**THE PROBLEM**.
When you repeat the entries below, keep each word exactly as it is and drop the pictures.

(Short descriptive text snippets)
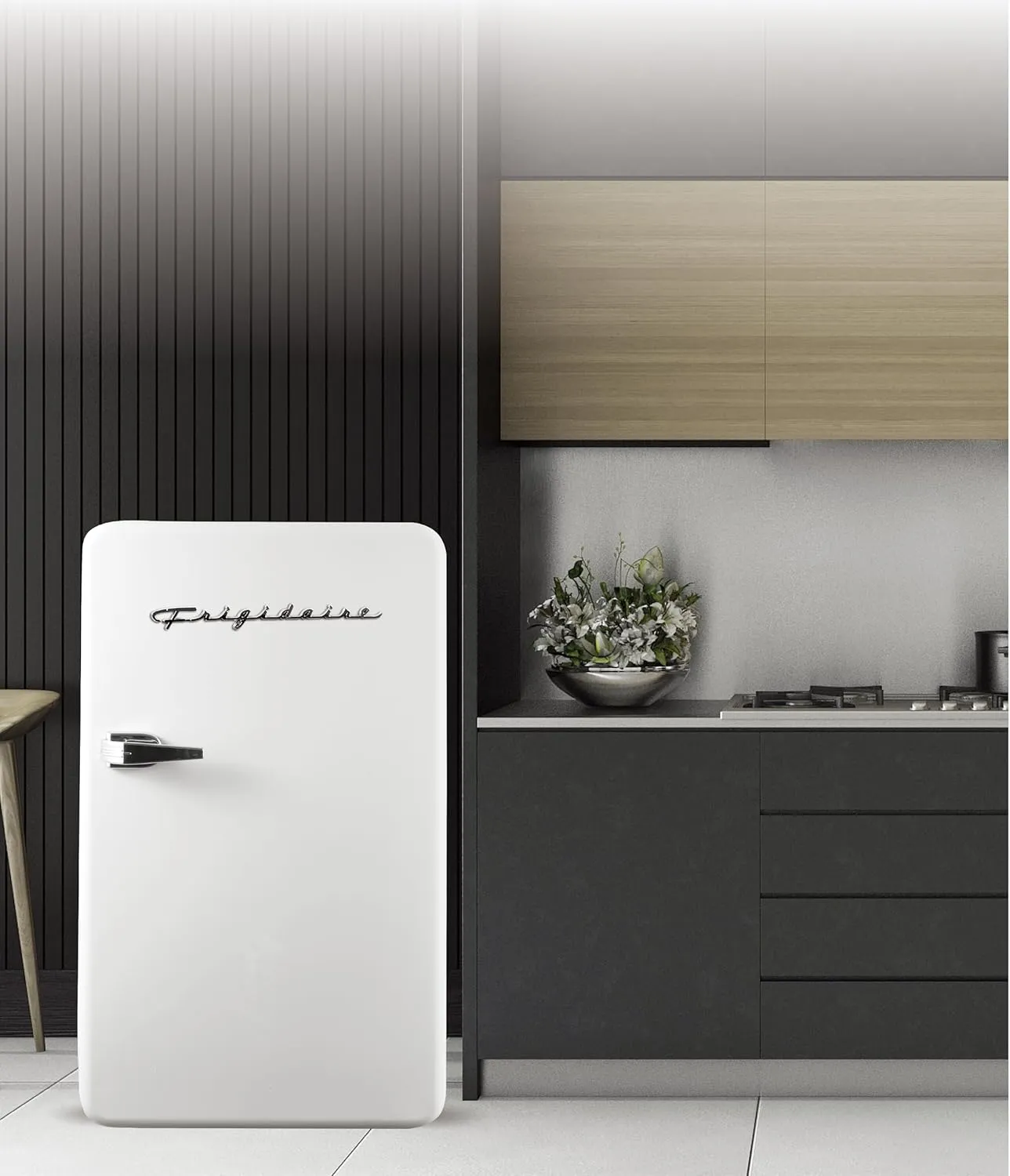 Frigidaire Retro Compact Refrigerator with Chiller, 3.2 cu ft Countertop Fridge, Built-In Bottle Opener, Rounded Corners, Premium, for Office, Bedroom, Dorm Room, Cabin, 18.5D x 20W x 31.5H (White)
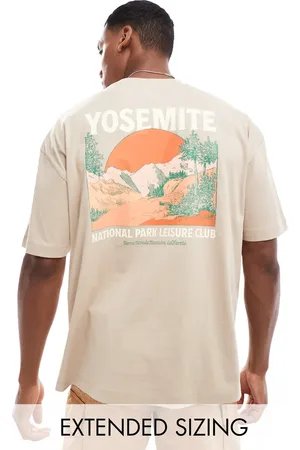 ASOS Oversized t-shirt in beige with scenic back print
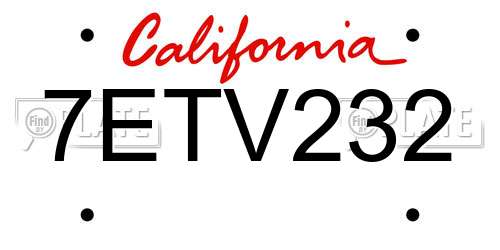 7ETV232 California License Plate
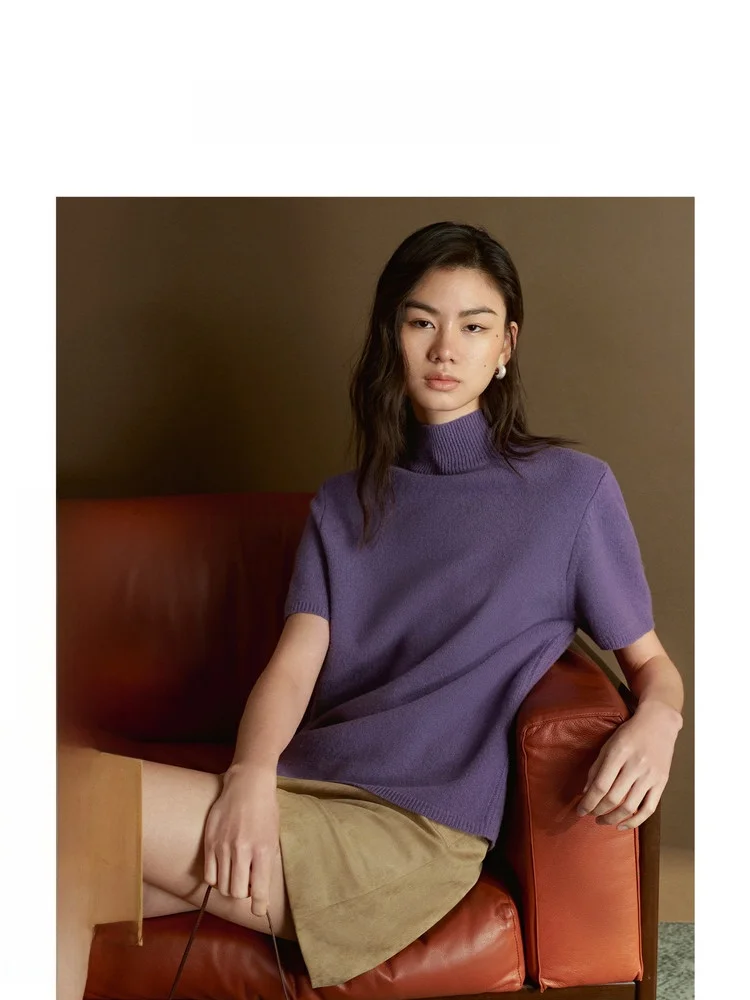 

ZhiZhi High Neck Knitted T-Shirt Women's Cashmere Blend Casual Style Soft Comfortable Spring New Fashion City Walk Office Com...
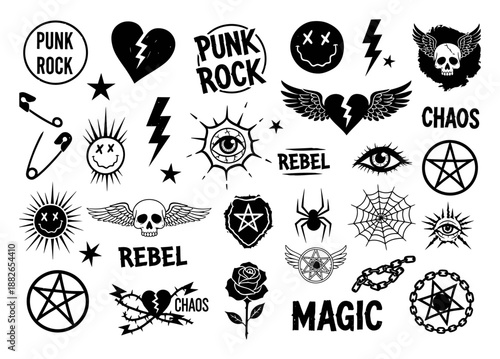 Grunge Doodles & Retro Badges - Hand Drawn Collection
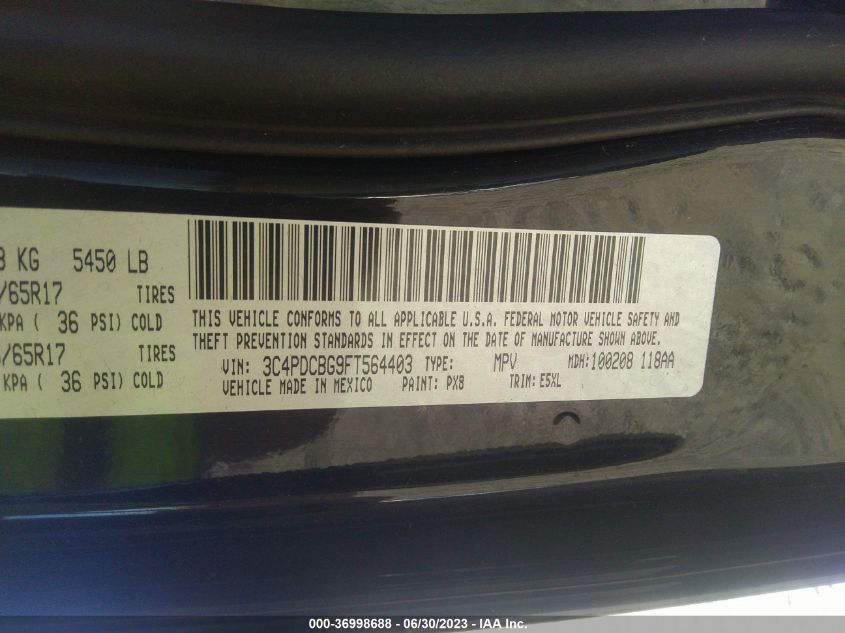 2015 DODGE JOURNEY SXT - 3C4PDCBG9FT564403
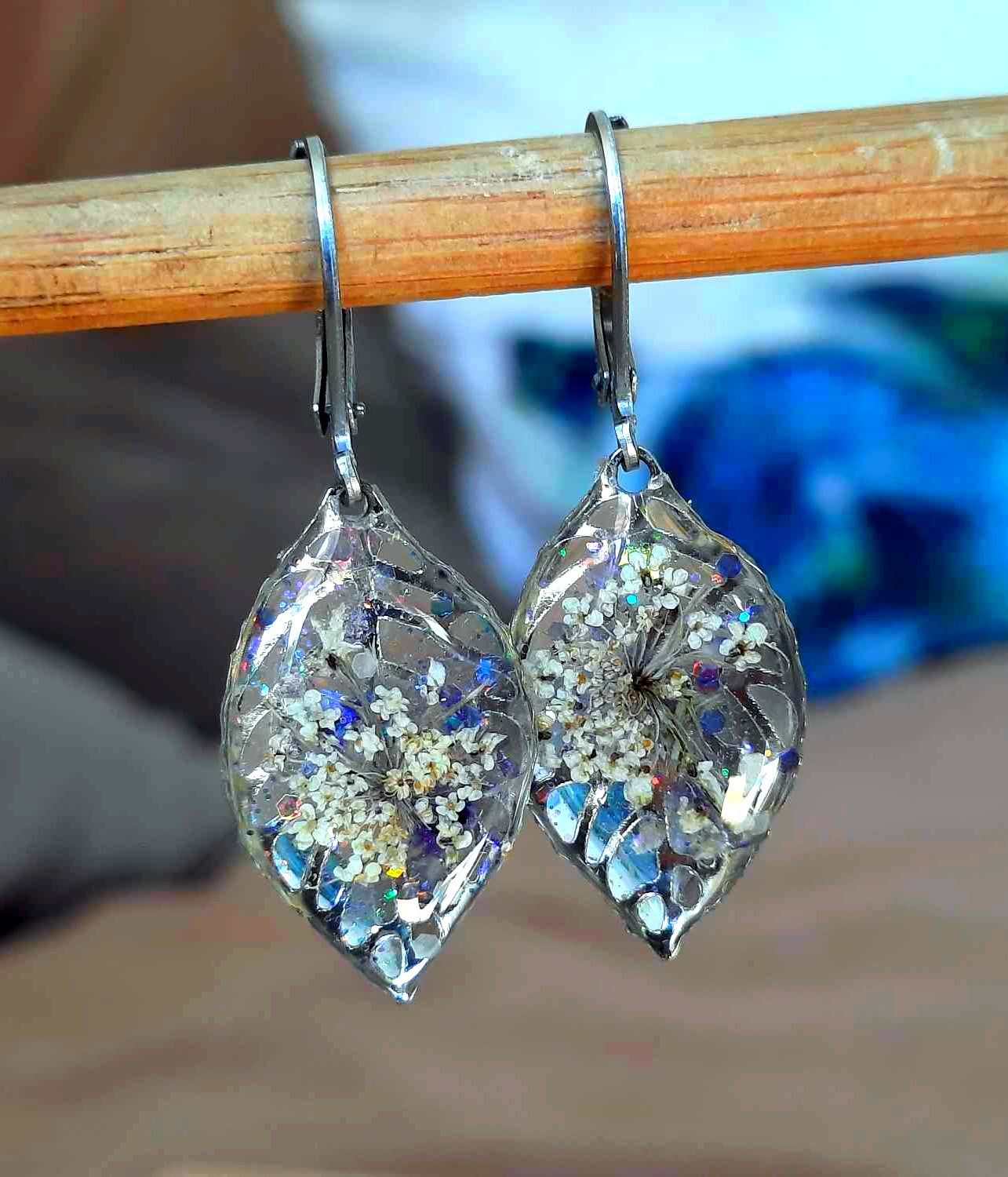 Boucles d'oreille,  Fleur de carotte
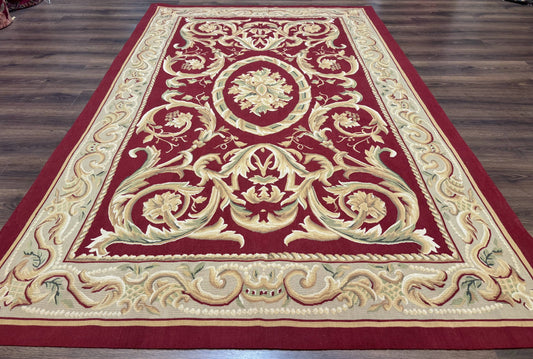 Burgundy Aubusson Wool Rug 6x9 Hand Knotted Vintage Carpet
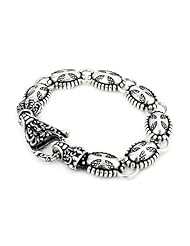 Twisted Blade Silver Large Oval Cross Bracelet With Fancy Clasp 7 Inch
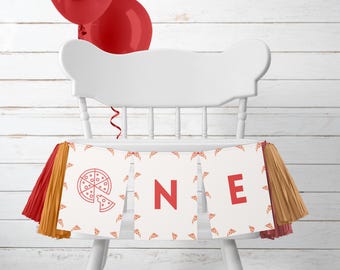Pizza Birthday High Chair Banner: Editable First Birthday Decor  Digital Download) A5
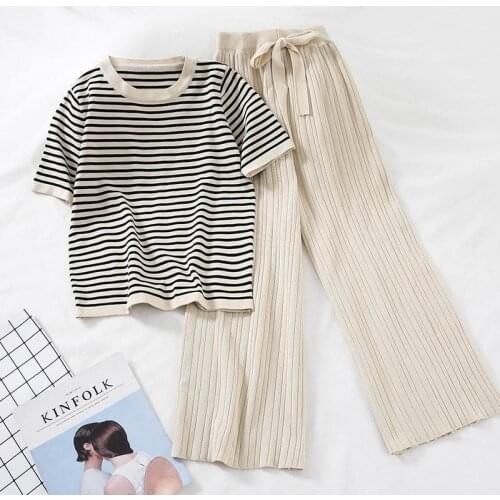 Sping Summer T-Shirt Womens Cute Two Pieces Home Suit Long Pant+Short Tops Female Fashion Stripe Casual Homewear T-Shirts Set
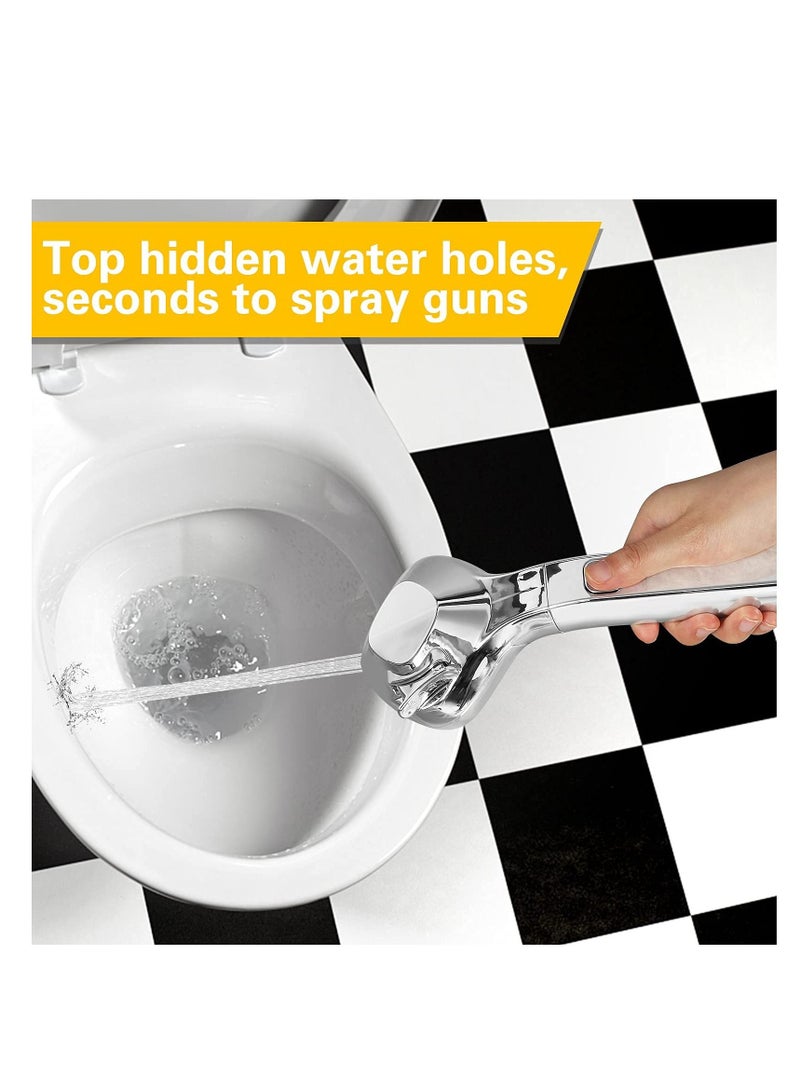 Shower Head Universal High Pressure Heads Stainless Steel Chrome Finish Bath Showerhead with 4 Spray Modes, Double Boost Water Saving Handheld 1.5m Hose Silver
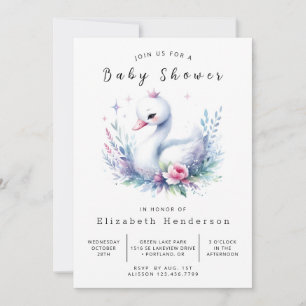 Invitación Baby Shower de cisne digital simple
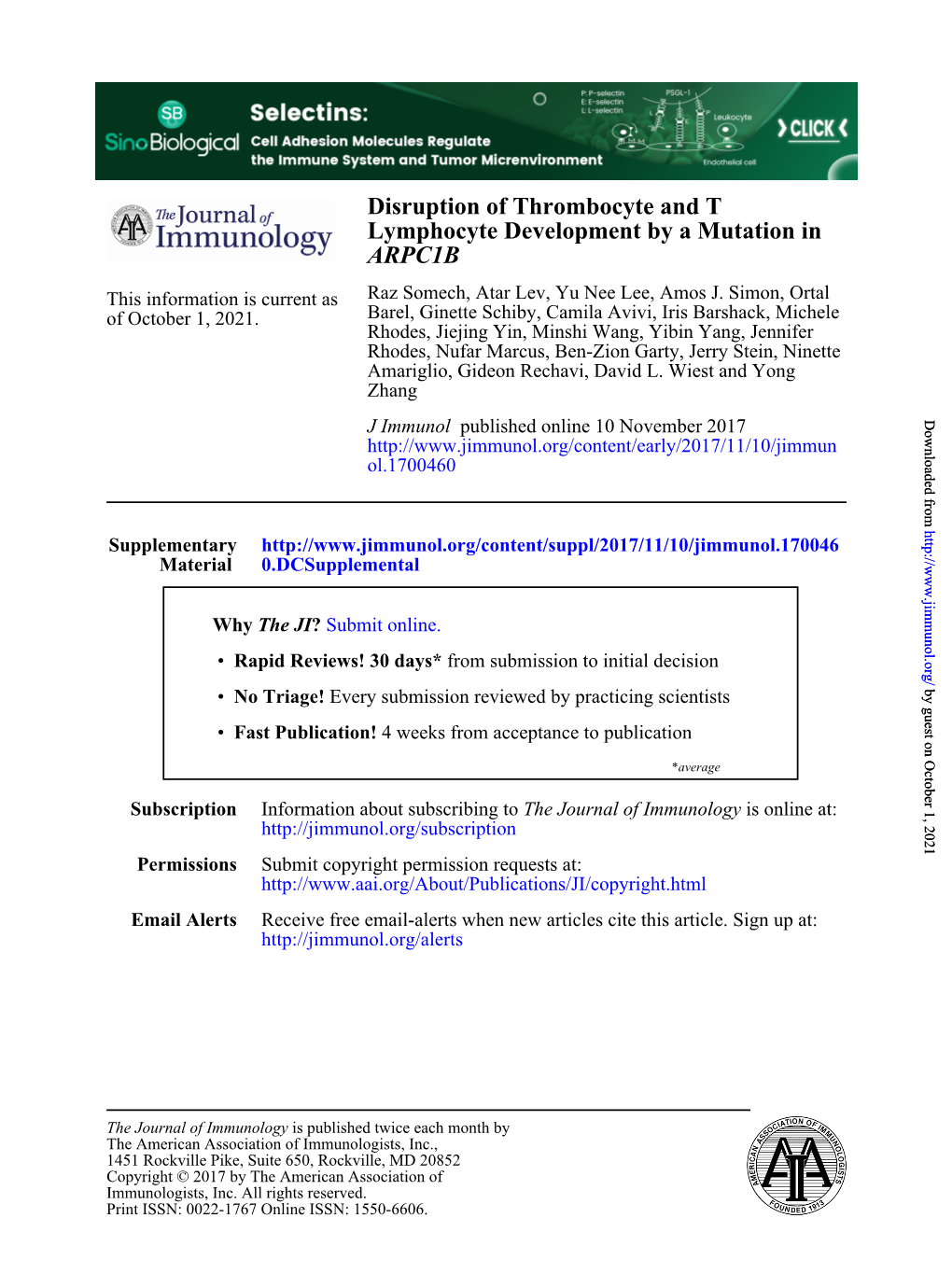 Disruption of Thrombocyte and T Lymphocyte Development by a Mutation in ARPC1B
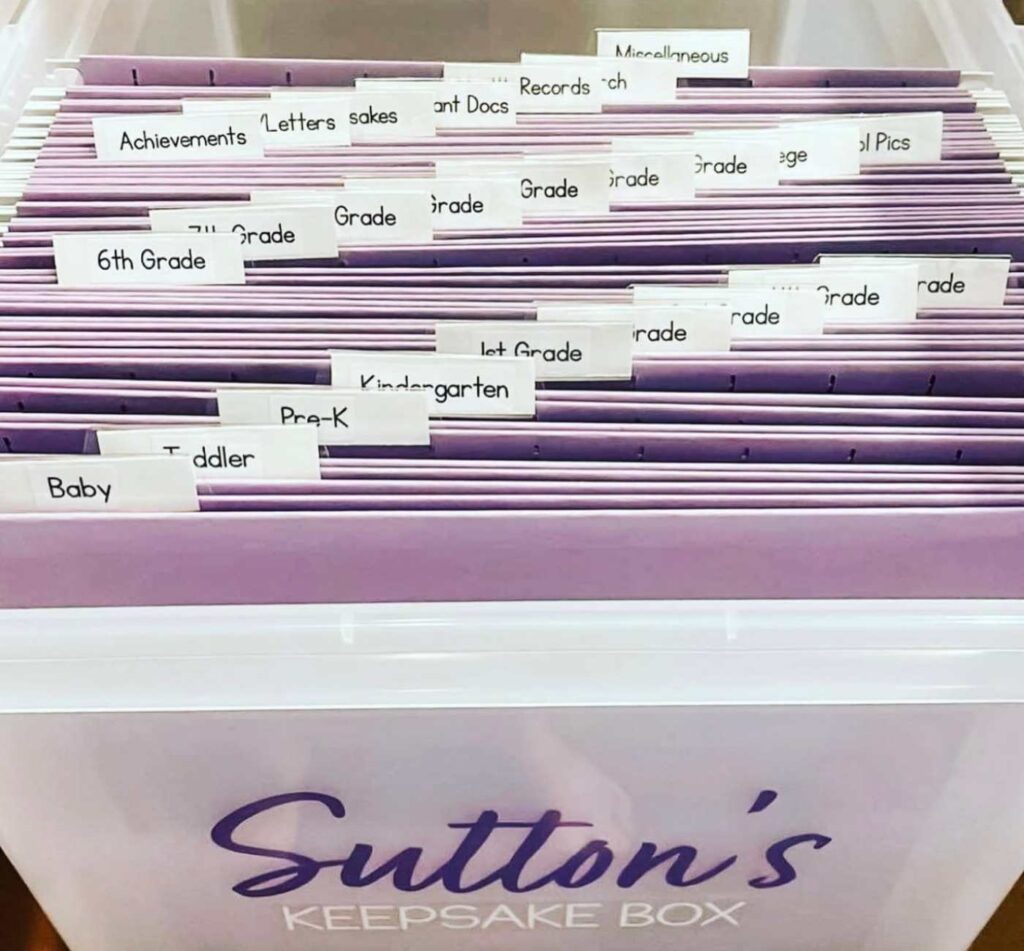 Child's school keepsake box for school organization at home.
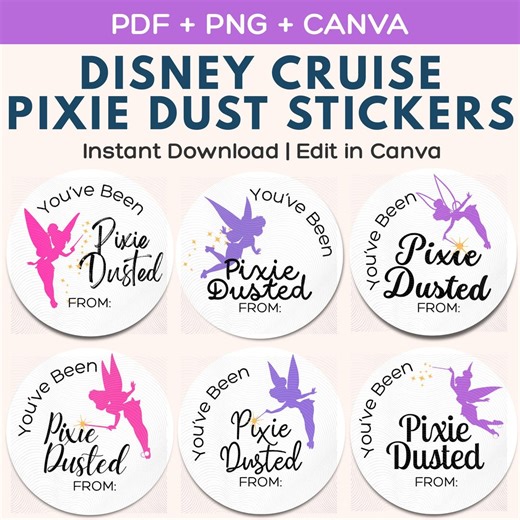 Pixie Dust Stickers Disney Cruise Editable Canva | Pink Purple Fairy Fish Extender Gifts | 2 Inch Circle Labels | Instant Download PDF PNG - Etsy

**WRITTEN ANSWER**.
 Frigidaire Retro Compact Refrigerator with Chiller, 3.2 cu ft Countertop Fridge, Built-In Bottle Opener, Rounded Corners, Premium, for Office, Bedroom, Dorm Room, Cabin, 18.5D x 20W x 31.5H (White)
 ASOS Oversized t-shirt in beige with scenic back print
 7ETV232 California License Plate

ZhiZhi High Neck Knitted T-Shirt Women's Cashmere Blend Casual Style Soft Comfortable Spring New Fashion City Walk Office Com...
 Grunge Doodles & Retro Badges - Hand Drawn Collection
 2015 DODGE JOURNEY SXT - 3C4PDCBG9FT564403
 Boucles d'oreille,  Fleur de carotte
 Burgundy Aubusson Wool Rug 6x9 Hand Knotted Vintage Carpet
 Twisted Blade Silver Large Oval Cross Bracelet With Fancy Clasp 7 Inch
Pizza Birthday High Chair Banner: Editable First Birthday Decor  Digital Download) A5
 Sping Summer T-Shirt Womens Cute Two Pieces Home Suit Long Pant+Short Tops Female Fashion Stripe Casual Homewear T-Shirts Set
 Shower Head Universal High Pressure Heads Stainless Steel Chrome Finish Bath Showerhead with 4 Spray Modes, Double Boost Water Saving Handheld 1.5m Hose Silver
 Invitación Baby Shower de cisne digital simple
 Disruption of Thrombocyte and T Lymphocyte Development by a Mutation in ARPC1B
 Child's school keepsake box for school organization at home.
 Pixie Dust Stickers Disney Cruise Editable Canva | Pink Purple Fairy Fish Extender Gifts | 2 Inch Circle Labels | Instant Download PDF PNG - Etsy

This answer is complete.